Collected data:
***
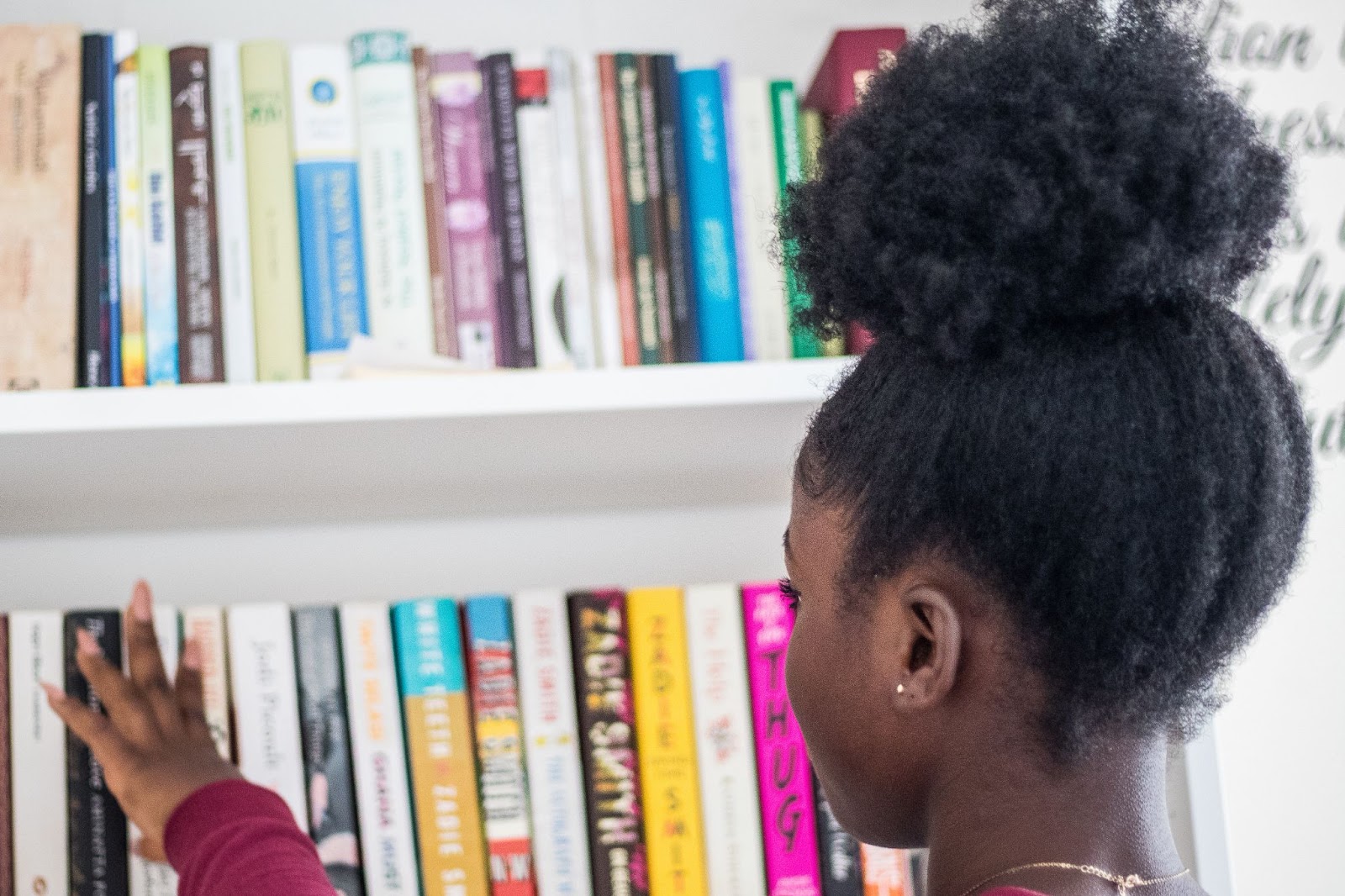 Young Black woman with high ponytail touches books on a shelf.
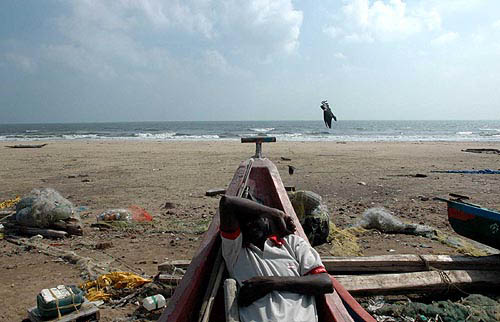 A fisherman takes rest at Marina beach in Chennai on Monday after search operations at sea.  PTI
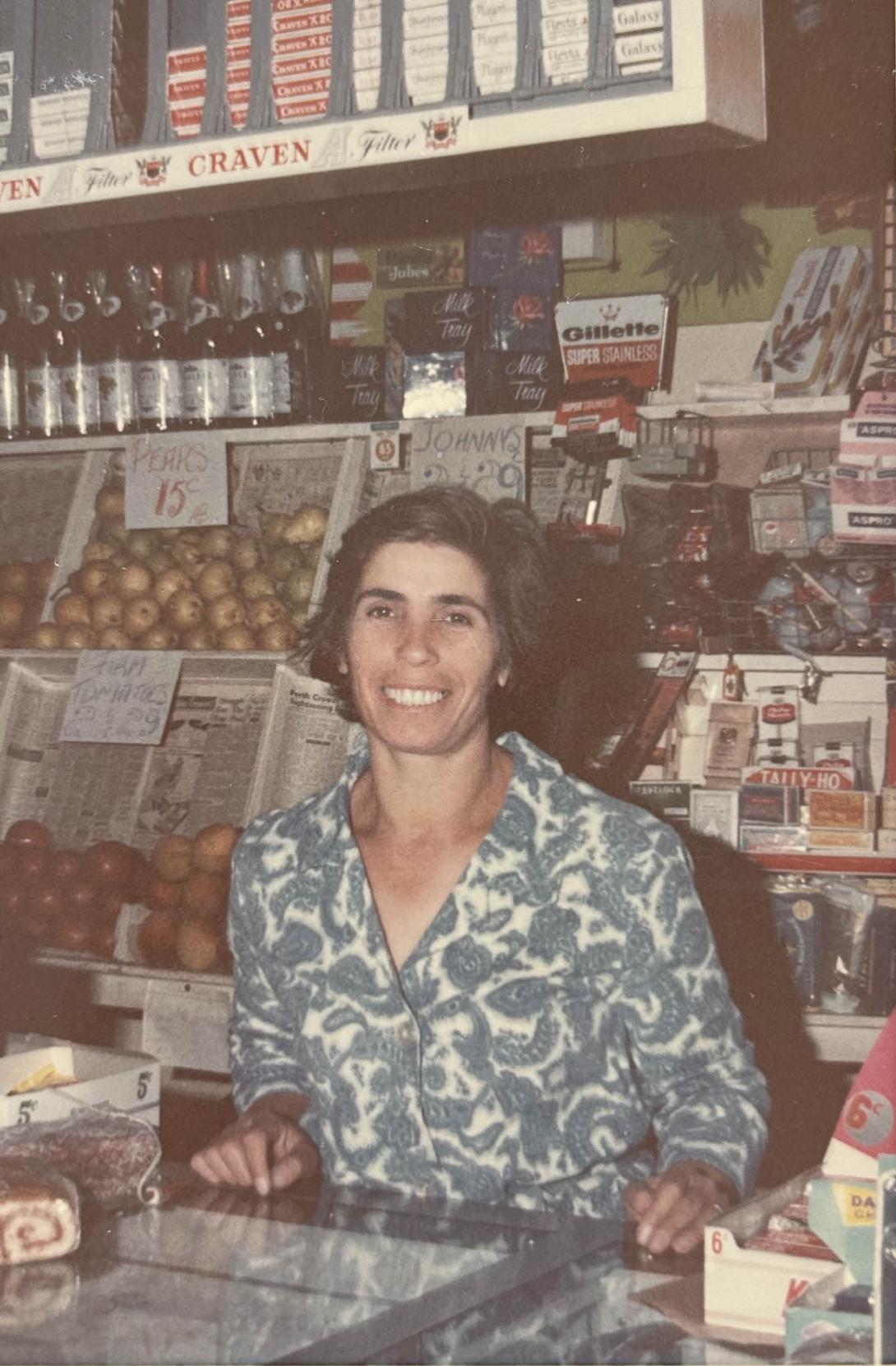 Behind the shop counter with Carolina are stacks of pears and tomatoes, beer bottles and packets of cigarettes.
***
Directions for this task:
Return the material exactly as written, except for any pictures it holds.

Task answer:
 Young Black woman with high ponytail touches books on a shelf.
 A fisherman takes rest at Marina beach in Chennai on Monday after search operations at sea.  PTI
 Behind the shop counter with Carolina are stacks of pears and tomatoes, beer bottles and packets of cigarettes.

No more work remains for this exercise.